Today’s consumers expect personalized marketing, and brands that use data-driven campaigns to tailor content to their interests are seeing the benefits.
Over 6 in 10 consumers find personalized product recommendations extremely helpful.
Consumers are drawn to personalized ads that make them feel seen, heard, and understood. 39% of Gen X and millennials say ads that change content or promotions based on specific consumer behavior are the most effective. The point is that today, customers not only expect personalization, they value it.
What is personalized marketing?
Creating personalized content, marketing, and customer experiences is all about good quality data and the way you use it.
Brands combining consumer data with advertising technology are delivering individualized messaging, products, and experiences to customers in more innovative ways than ever.
Tactics to support personalized marketing can be deployed in a number of ways, with some more obvious than others. Improved technology, algorithms, and the way data is collected and analyzed mean these tactics are becoming more subtle and embedded.
Today, we’re seeing increasing numbers of brands and marketers making personalization a key part of the web and mobile experience for their customers. This is particularly true in the ecommerce space, where content and offerings display differently depending who’s on the receiving end – so much so that consumers might be surprised to know just how many websites show personalized marketing.
The benefits of personalized marketing
The big benefit of personalization is relevance. What could be more effective than providing your audience with content and experiences that are tailored to them?
It’s easy to understand why. The range of products and services available to consumers can often be overwhelming; personalized marketing helps narrow the range of choices based on the actual likes and priorities of each consumer, with the knock-on effect of boosting customer loyalty.
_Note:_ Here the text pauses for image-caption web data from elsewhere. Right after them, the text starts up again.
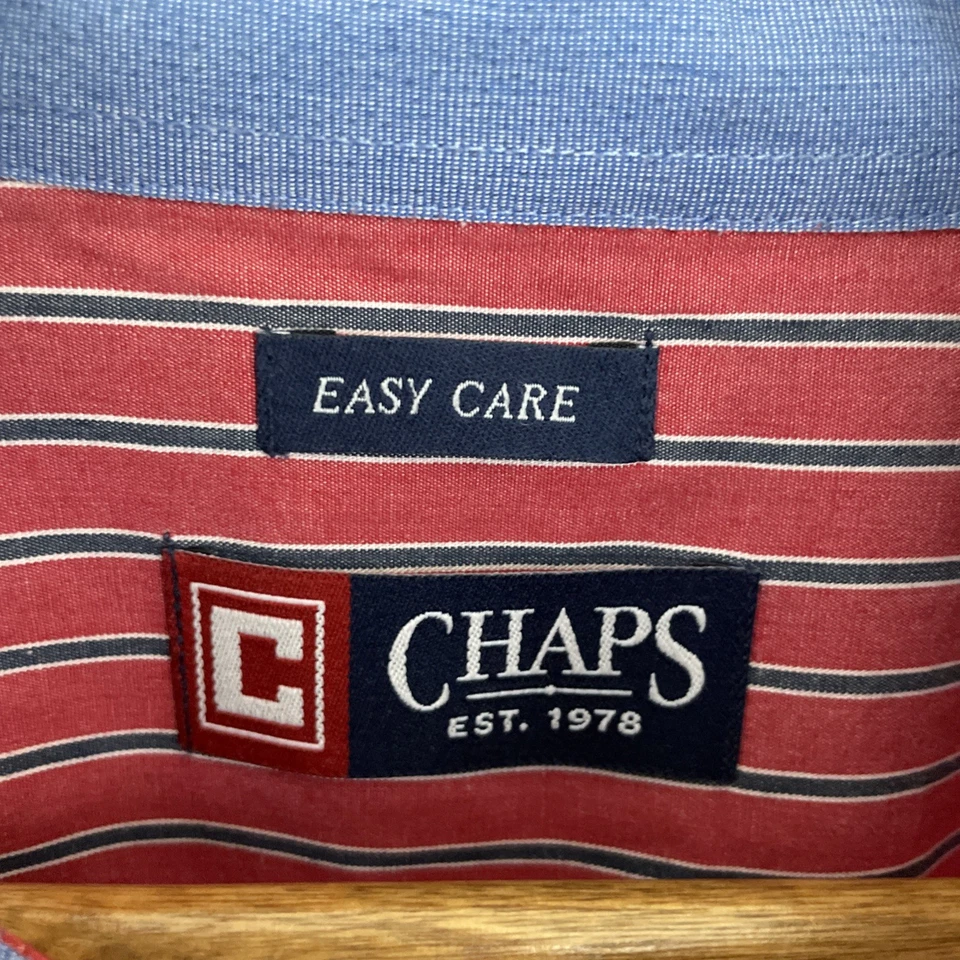 Chaps Easy Care Shirt Mens 2XT Tall 2X Red Striped Long Sleeve Button Down - Image 3 of 4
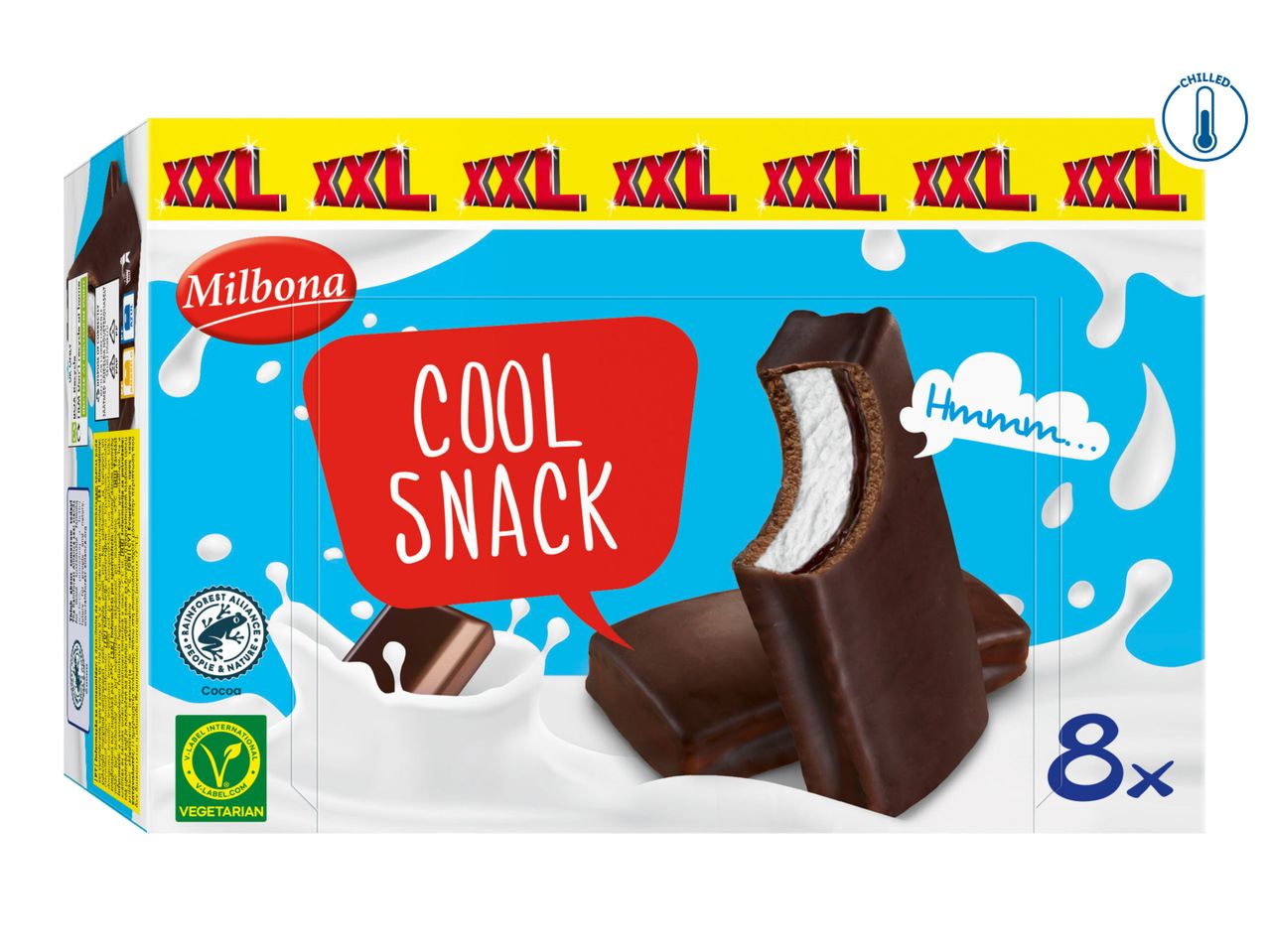 Milbona XXL Cool Snack chocolate bars, 8 count, chilled.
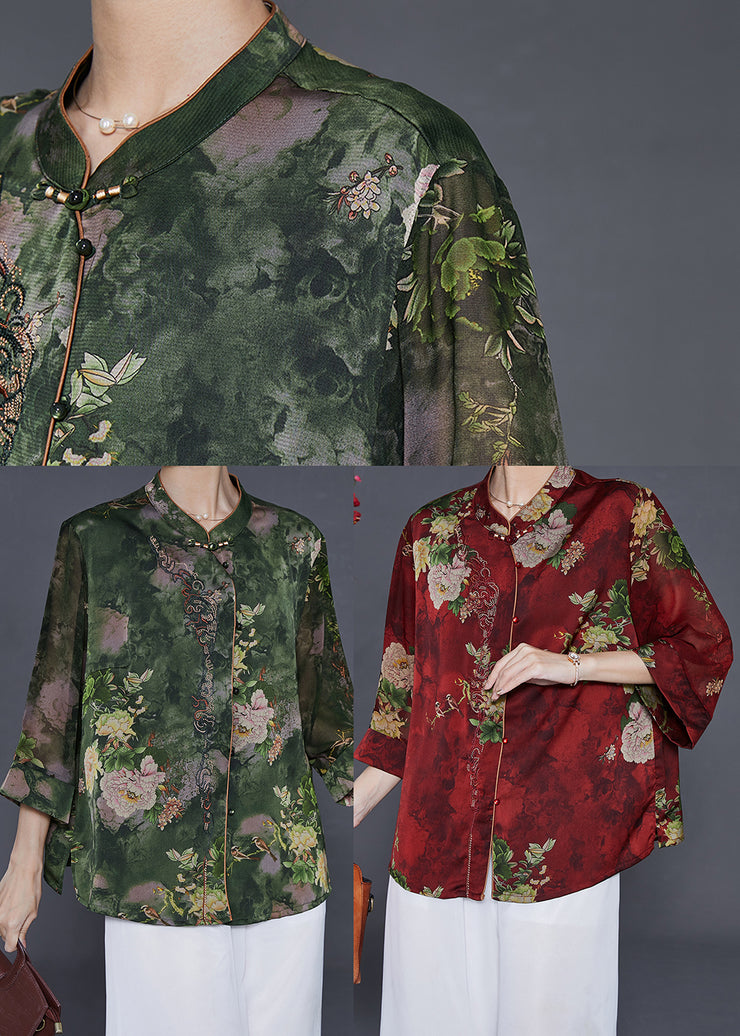 Red Floral Print Silk Shirts Mandarin Collar Summer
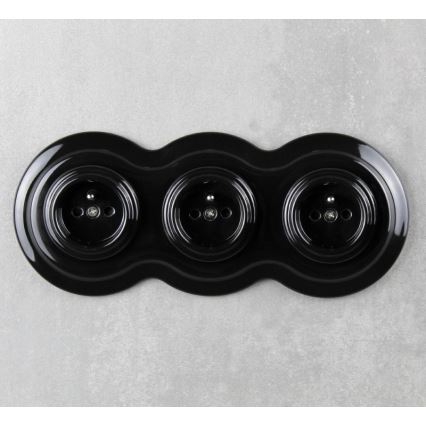 Elhard - Tomada doméstica retro de cerâmica tripla com moldura 230V preta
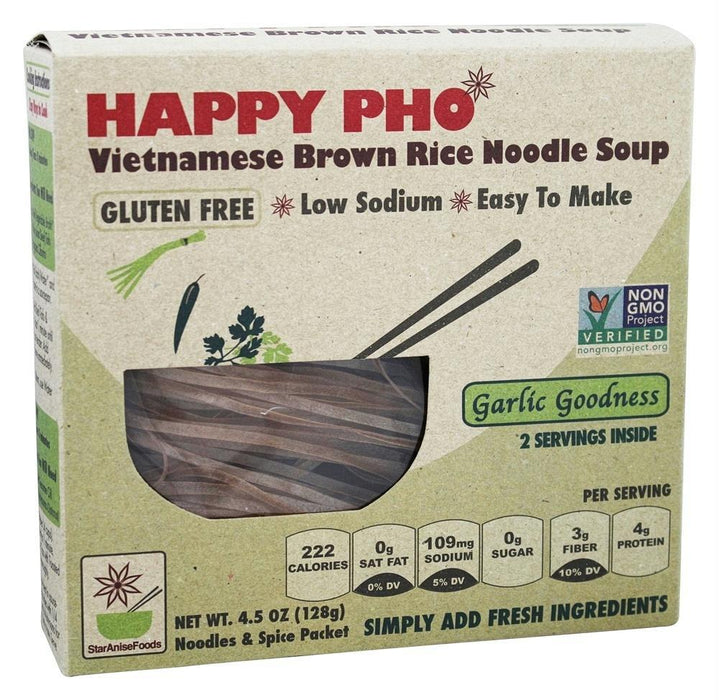 Star Anise Foods: Happy Pho Vietnamese Brown Rice Noodle Soup Garlic Goodness, 4.5 Oz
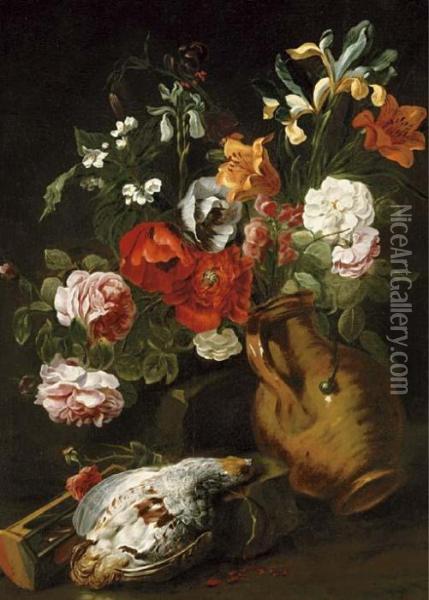 Roses, Iris, Poppies, Lilies And
 Other Flowers In A Tipped Earthenware Vase With A Partridge And 
Hourglass, On A Bank Oil Painting - Jan Fyt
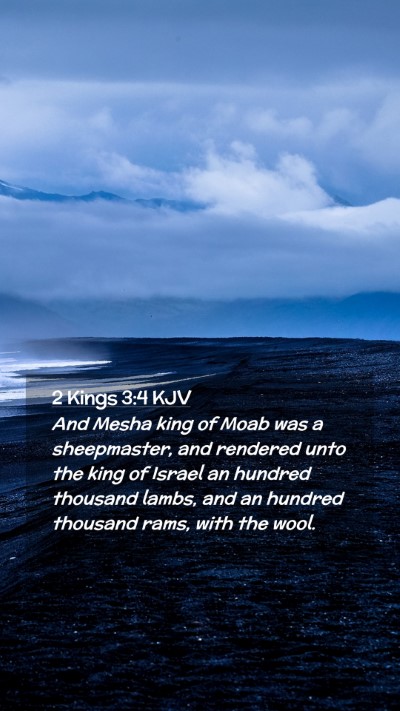 Picture 02 - 2 Kings 3:4 KJV Mobile Phone Wallpaper - And Mesha king of Moab was a sheepmaster, and - Mobile Bible Verse Wallpaper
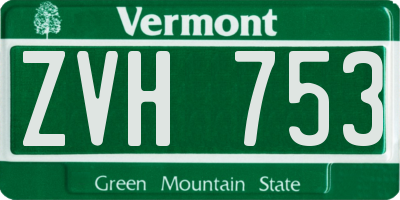 VT license plate ZVH753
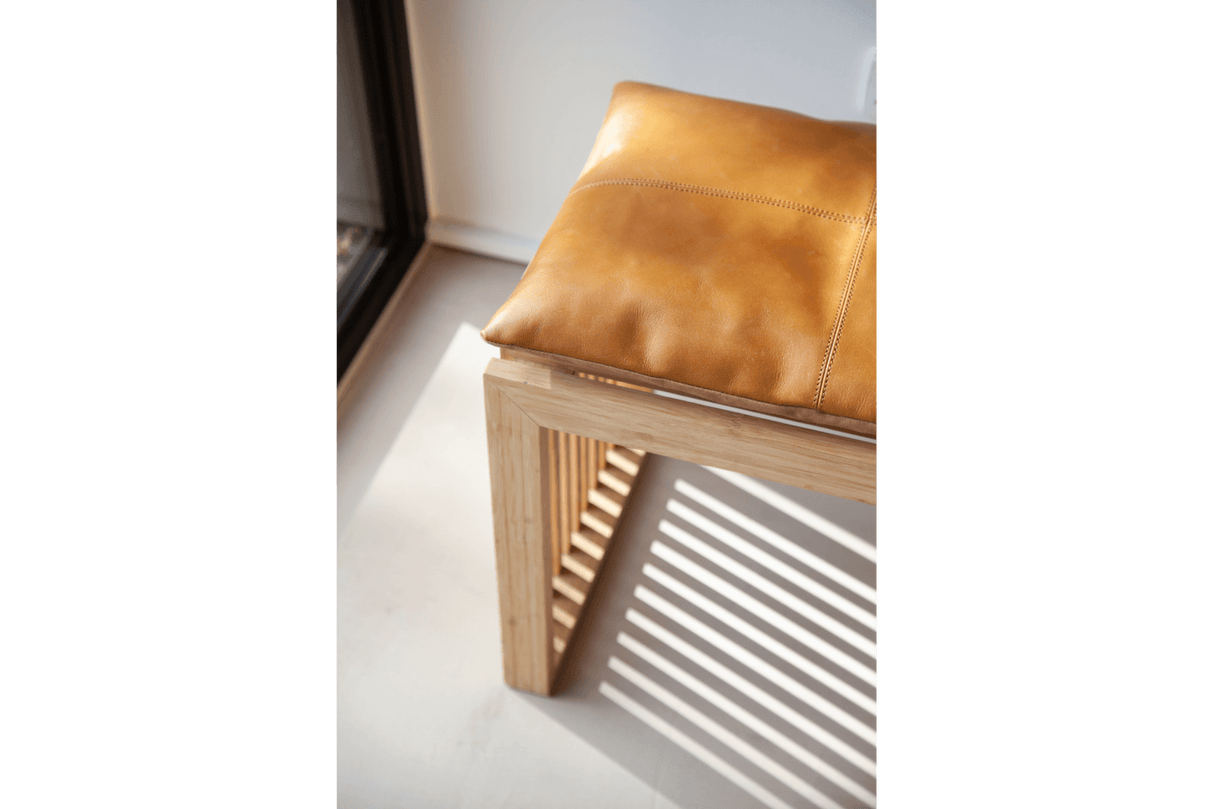 Leder Sitzkissen 73 x 35 cm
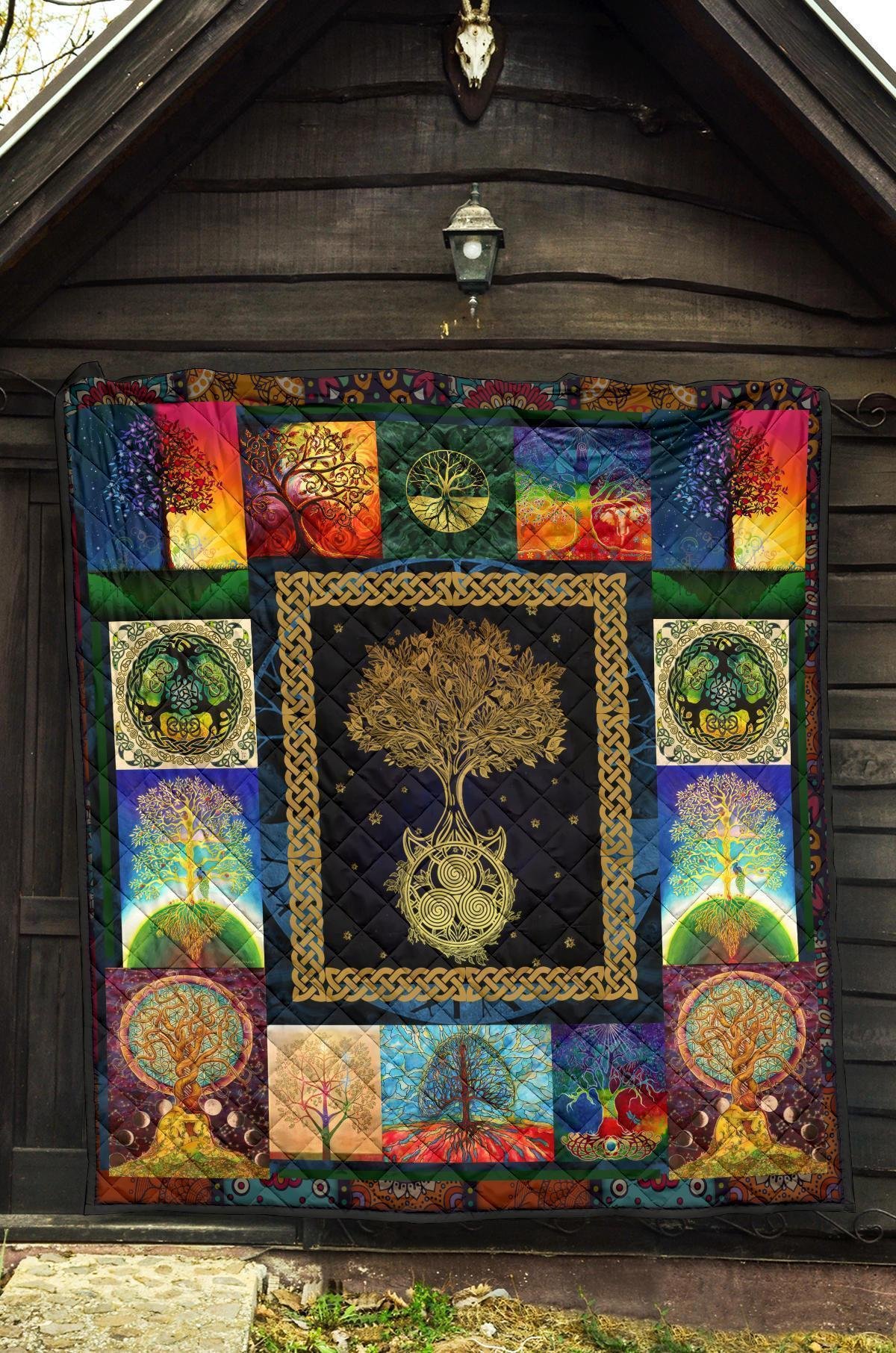 Colorful Graphic Tree of Life Quilt Blanket For Earth Lover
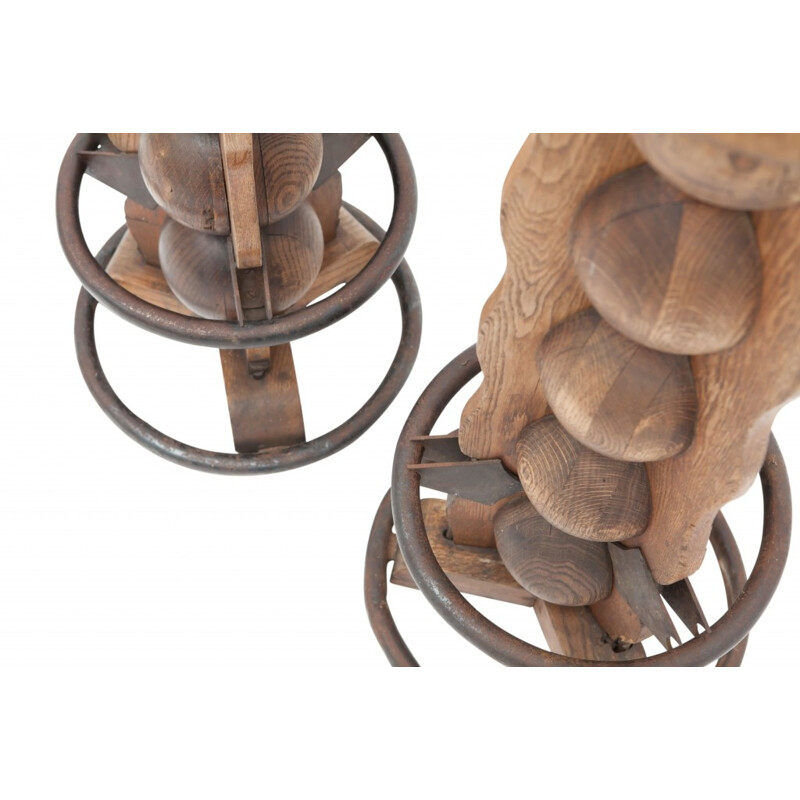 Pair of organic rustic pair of stools in oak by Charles Dudouyt - 1950s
But don’t take our word for it; let’s see some brands that are smashing it with personalization.
8 examples of personalized marketing and why they worked
These brilliant examples of one-to-one marketing demonstrate the value of marketers getting to know their audience and using personalization to its full potential.
Amazon’s recommendation algorithm consistently makes headlines for its strategic approach to personalized marketing.
Continually being updated to help Amazon’s marketers create more personalized content and experiences, the tool suggests products not only for the whole individual, but also for different aspects of their character.
By highlighting key personal tastes and suggesting products to match, personalization drives impulse buying in a way that can really pay off.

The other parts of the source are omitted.